WHAT YOU HAVE TO DO
Although pictures appear in the data, the answer should contain only the lines from its start through the line with "Canapé d'angle droit", written out exactly.

MATERIAL FOR THIS TASK
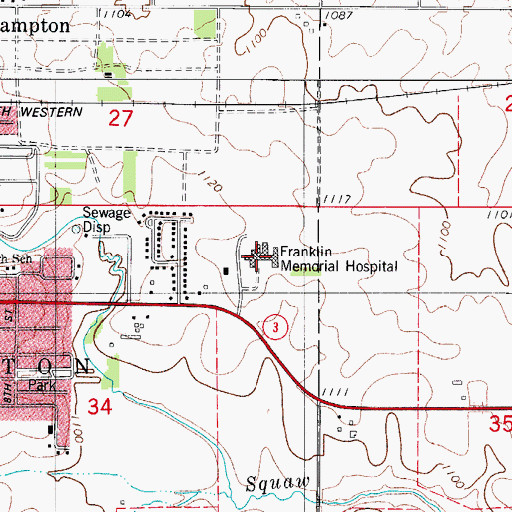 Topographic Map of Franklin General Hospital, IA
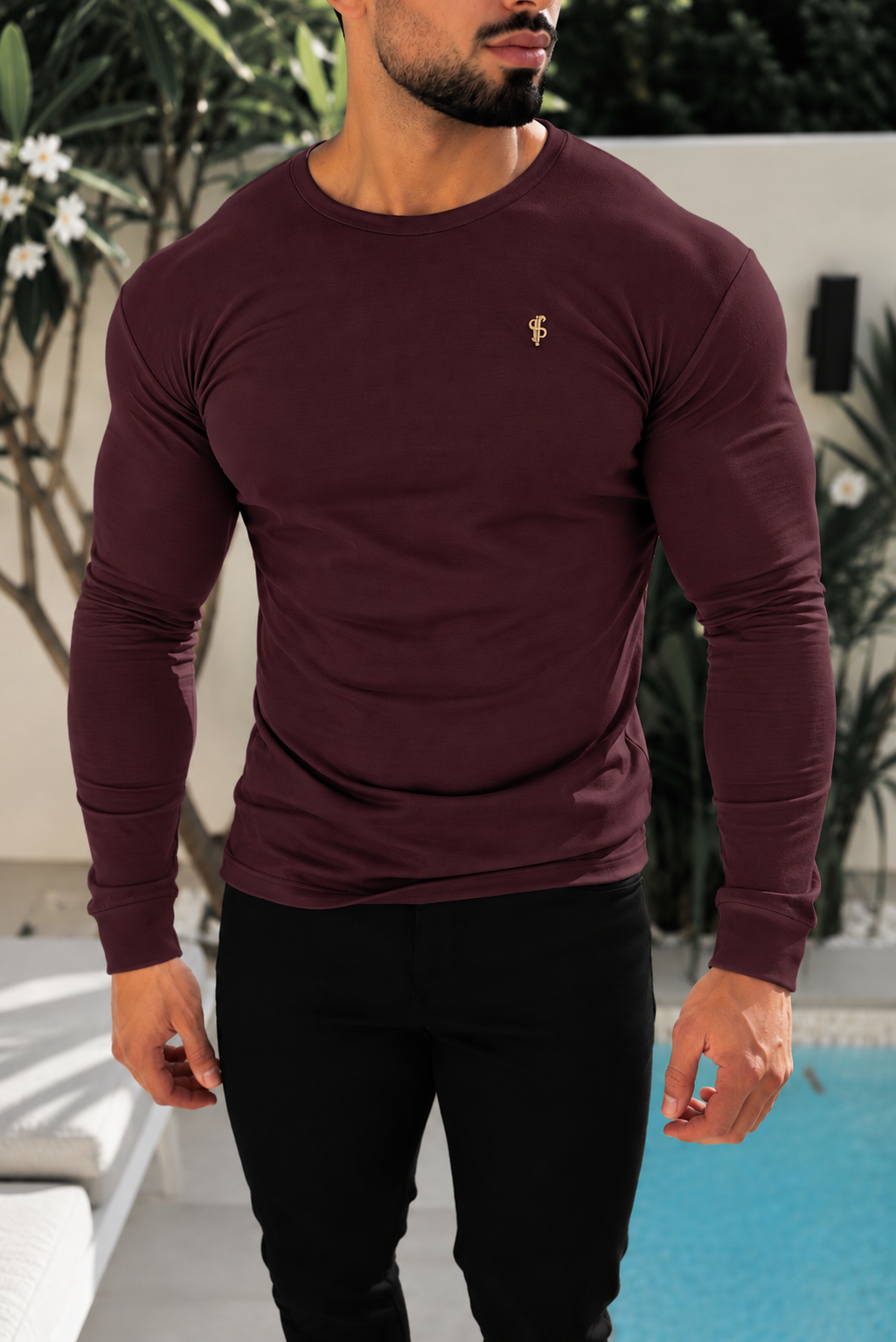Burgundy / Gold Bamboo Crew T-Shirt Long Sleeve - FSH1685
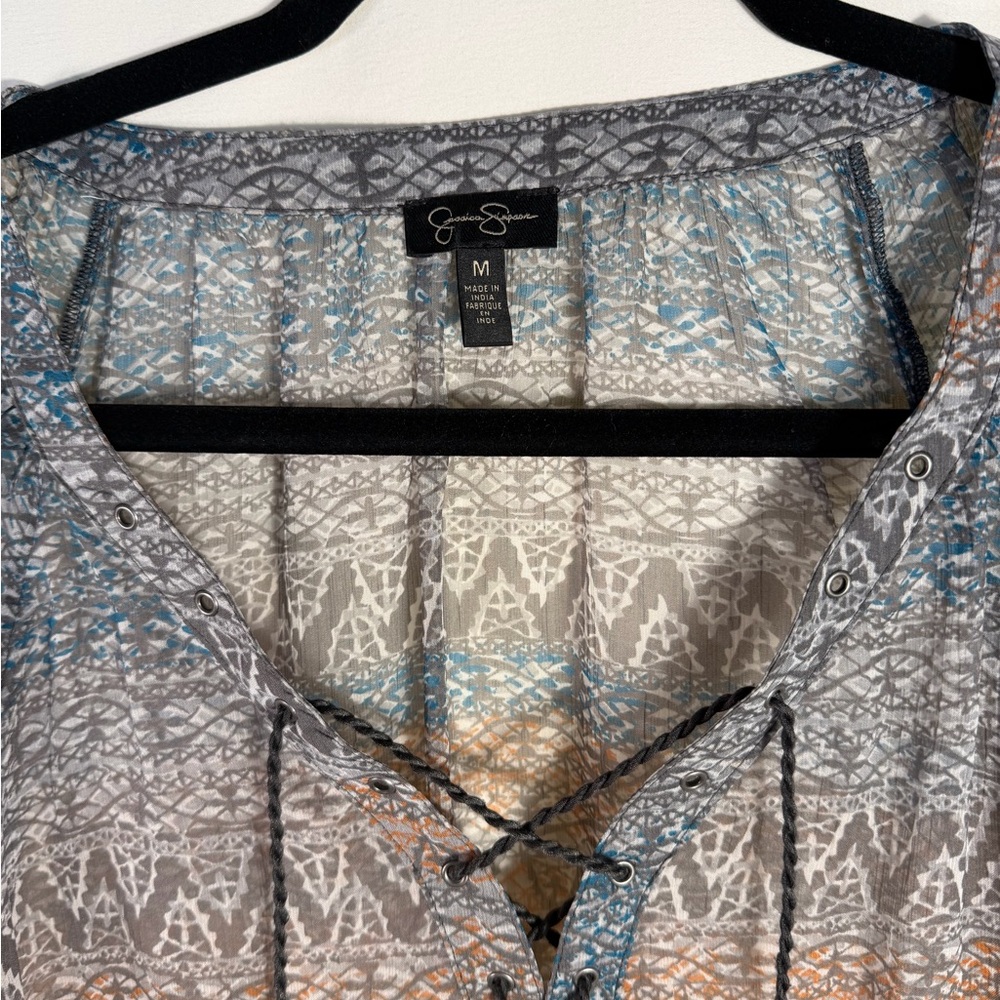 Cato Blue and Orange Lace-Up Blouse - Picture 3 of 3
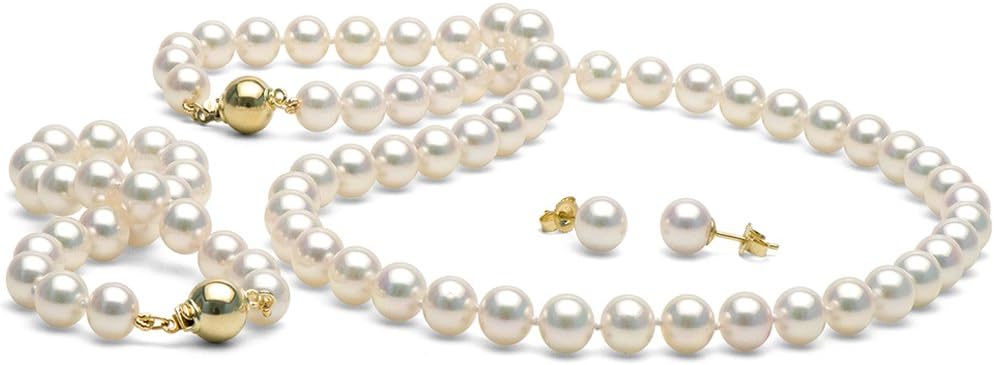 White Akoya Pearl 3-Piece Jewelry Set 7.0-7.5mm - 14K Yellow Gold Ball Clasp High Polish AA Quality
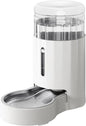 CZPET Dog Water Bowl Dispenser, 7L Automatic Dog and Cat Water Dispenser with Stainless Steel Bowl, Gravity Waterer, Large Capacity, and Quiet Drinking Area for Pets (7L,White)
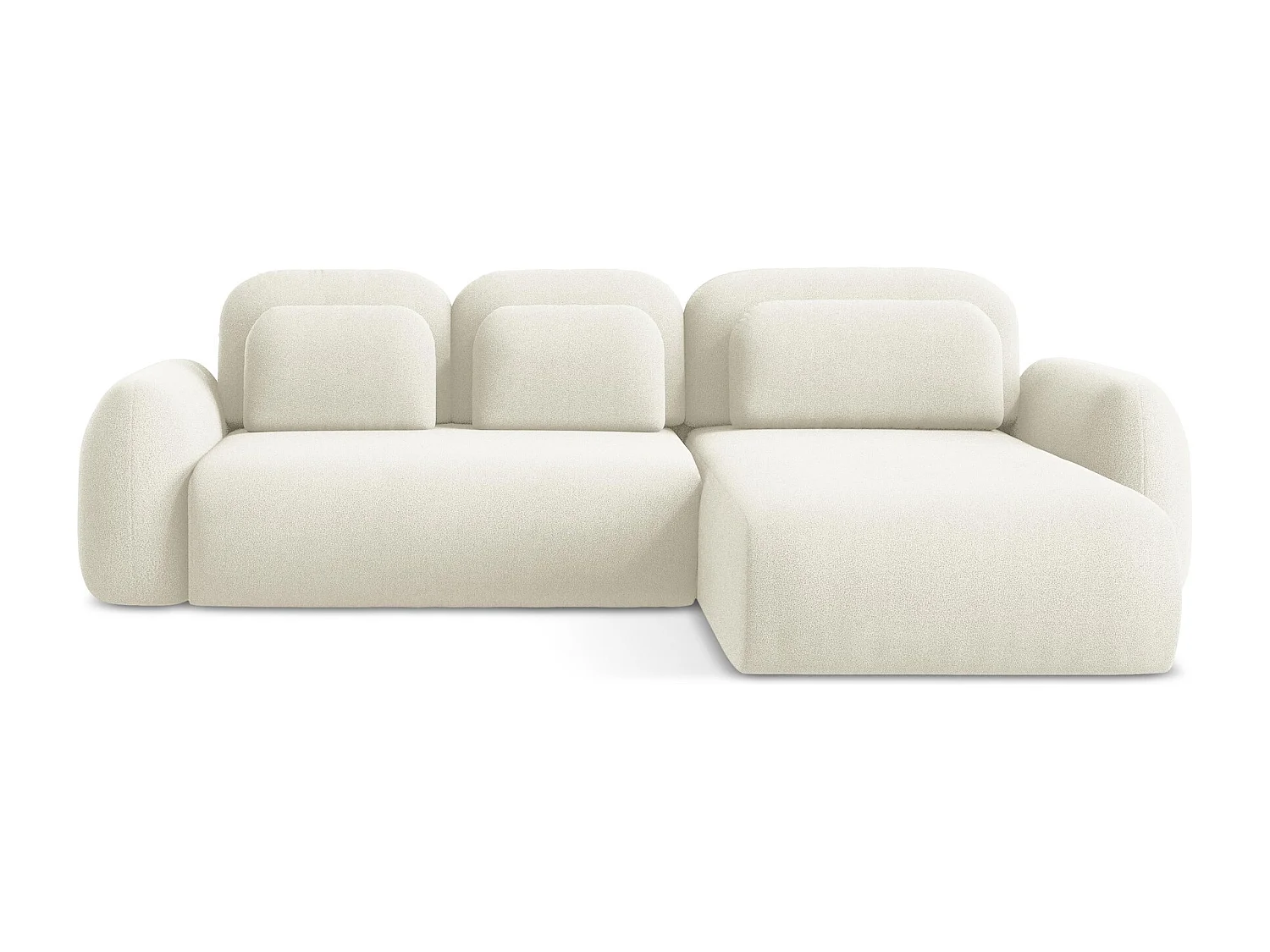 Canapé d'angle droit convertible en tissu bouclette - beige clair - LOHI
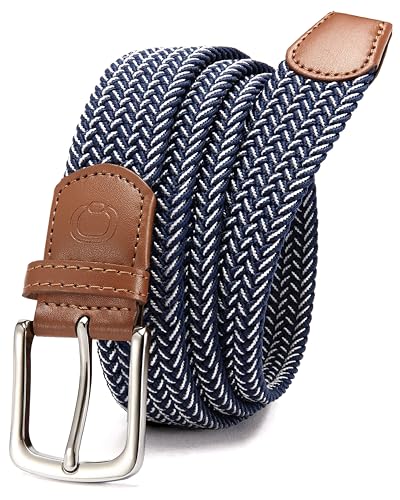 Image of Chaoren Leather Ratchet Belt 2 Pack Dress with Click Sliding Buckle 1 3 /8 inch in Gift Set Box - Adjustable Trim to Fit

WRITTEN ANSWER
 Topographic Map of Franklin General Hospital, IA
Burgundy / Gold Bamboo Crew T-Shirt Long Sleeve - FSH1685
 Cato Blue and Orange Lace-Up Blouse - Picture 3 of 3
 White Akoya Pearl 3-Piece Jewelry Set 7.0-7.5mm - 14K Yellow Gold Ball Clasp High Polish AA Quality
 CZPET Dog Water Bowl Dispenser, 7L Automatic Dog and Cat Water Dispenser with Stainless Steel Bowl, Gravity Waterer, Large Capacity, and Quiet Drinking Area for Pets (7L,White)
 Canapé d'angle droit convertible en tissu bouclette - beige clair - LOHI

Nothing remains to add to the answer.